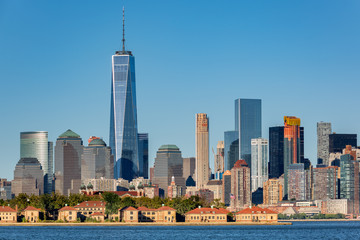 Downtown New York skyline with Ellis Island in the foreground - obrazy, fototapety, plakaty
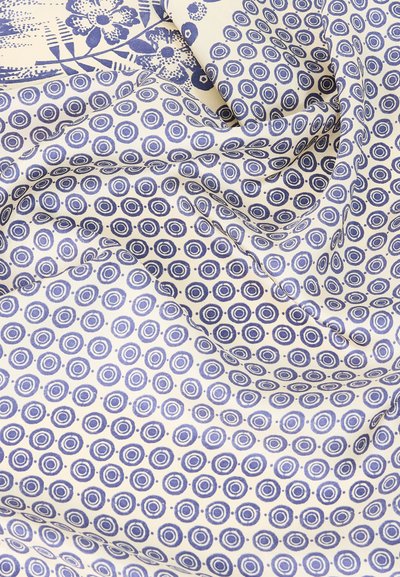 Λευκό ύφασμα με μπλε κυκλικά και αφηρημένα λουλουδένια σχέδια, απαλά διπλωμένο ώστε να αναδεικνύει την υφή και τις λεπτομέρειες του σχεδίου.
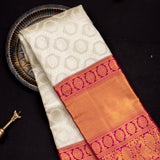 Regal Off-White Kanjivaram Silk Saree With Grand Pink And Gold Zari Border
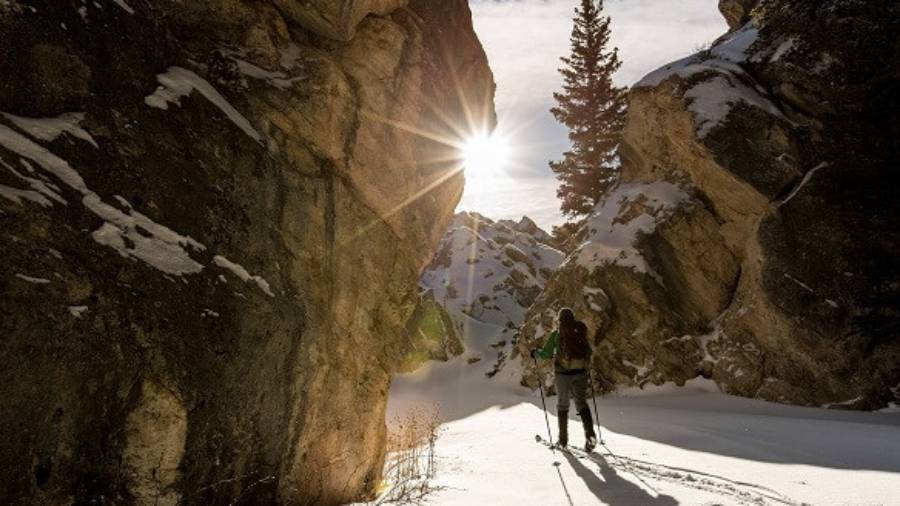 Cross-country skier on snowy path in mountain terrain beneath a sunny sky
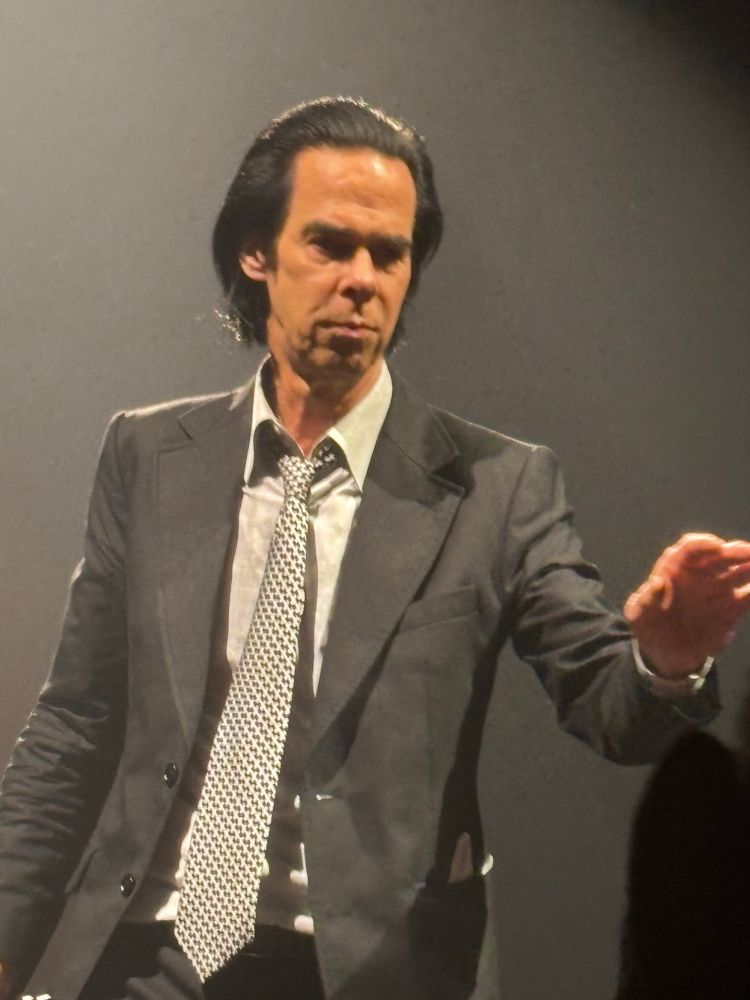a close up of nick cave on stage. he is looking over the crowd with his left hand extended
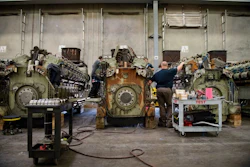 Norfolk Southern locomotives, one refurbished and one awaiting refurbishment, sit side-by-side at the Fort Worth GE factory. Image credit: GE Transportation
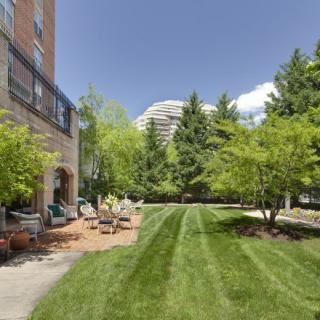 A well-maintained garden with green lawn and trees, bordered by a building and outdoor seating.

===

Problem statement:
Your answer should consist solely of the lines from the one with "Norfolk Southern locomotives, one" through the last line of the entries, restated word for word, with the pictures omitted.

Answer section:
 Norfolk Southern locomotives, one refurbished and one awaiting refurbishment, sit side-by-side at the Fort Worth GE factory. Image credit: GE Transportation
 A well-maintained garden with green lawn and trees, bordered by a building and outdoor seating.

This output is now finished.